Member of the Scottish Parliament for Highlands and Islands (1 of 7 Regional MSPs)
- In office 6 May 1999 – 31 March 2003

Personal details
- Born: 1973 (age 52–53) Irvine, Scotland
- Party: Scottish National Party
- Profession: Lawyer

= Duncan Hamilton (politician) =

Scottish lawyer and politician (born 1973)

Duncan Hamilton KC (born 1973 in Troon) is a Scottish lawyer and Scottish National Party politician. He was a Member of the Scottish Parliament (MSP) for the Highlands and Islands region from 1999 to 2003.

He previously wrote a column for The Scotsman newspaper.

==Education==
Hamilton attended the University of Glasgow, obtaining a first class MA in modern History, before going on to the University of Edinburgh, where he received an LL.B. He also attended the John F. Kennedy School of Government at Harvard University.

In 1994, he and Manus Blessing won the World Universities Debating Championship.

==Career==
He worked briefly for Procter & Gamble before becoming Assistant to SNP Leader, Alex Salmond and then to the SNP Chief Executive, Michael Russell.

In the 1999 election he stood as a constituency candidate in Argyll and Bute, where he finished second and in Highlands and Islands where he was elected.

Upon his election in 1999 he was, at the age of 25 years old, the youngest Member of the Scottish Parliament. In Holyrood he was the SNP Deputy Party Spokesperson on Enterprise (27 June 2001 – 30 May 2003), then Deputy Party Spokesperson on Lifelong Learning (27 June 2001 – 30 May 2003).

In February 2002, he wrote an open letter to his Argyll and Bute constituency party explaining his decided not to stand for election in 2003 in which he said he believed it was best for elected representatives to have "real life experience" outside politics.

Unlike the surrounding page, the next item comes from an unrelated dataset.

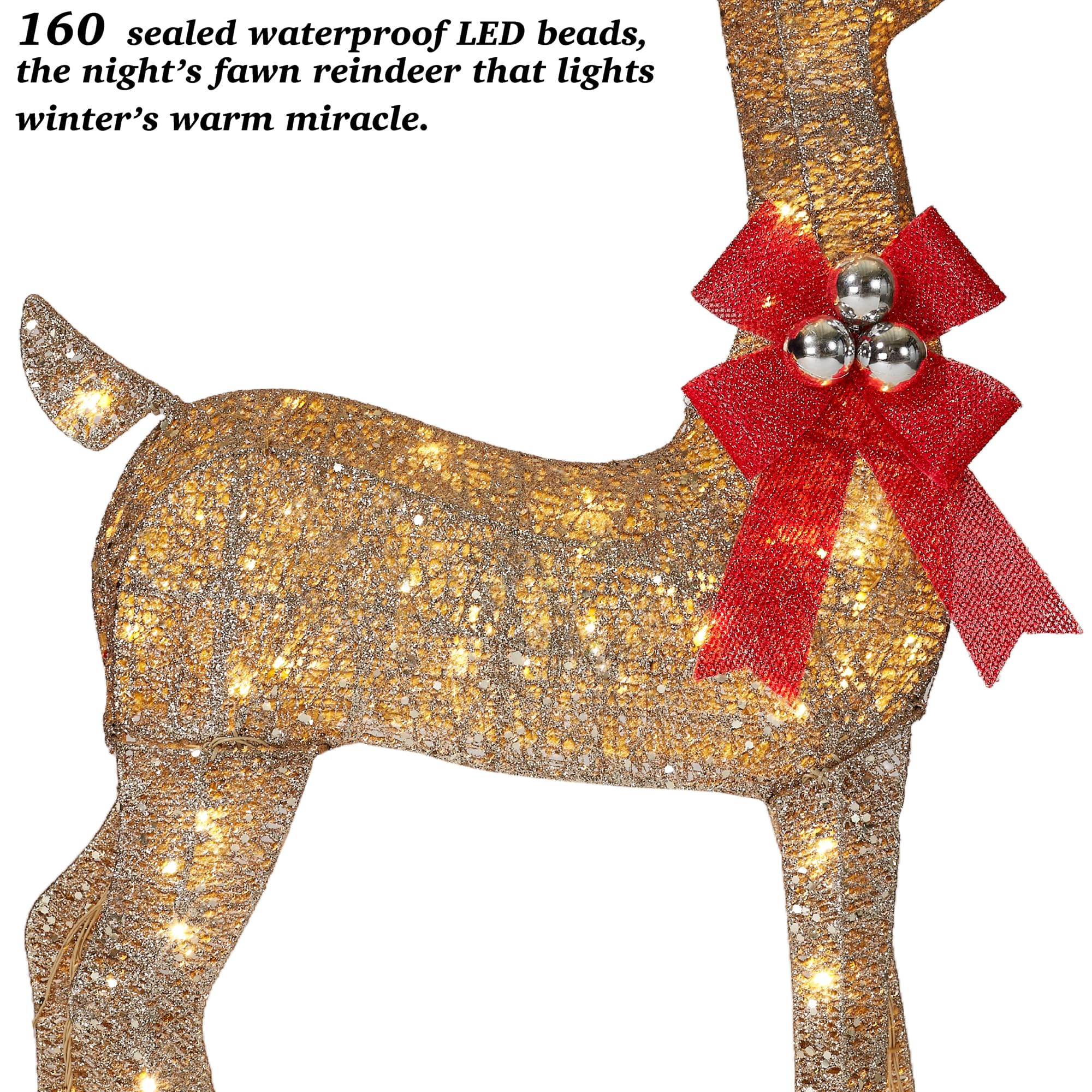132 cm 3D Gold Groß beleuchtet Weihnachten Rentier & Schlitten Dekorationen 2 Stück Outdoor Urlaub Dekorationen Rentier Set mit 160 warmweißen LEDs Große Hofanzeige für Garten Schaufenster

He had been tipped to be one of the rising stars of the Scottish Parliament and was regarded as one of the SNP's most able politicians.

He has since pursued a career in law, having been admitted to the Faculty of Advocates in 2006. He has criticised the quality of the legislation passed by the Scottish Parliament.

In 2007 Hamilton was appointed as a political advisor to First Minister Alex Salmond.

On 8 September 2021, it was announced that Hamilton was one of twelve Scottish lawyers to be nominated for appointment as a Queen's Counsel in Scotland.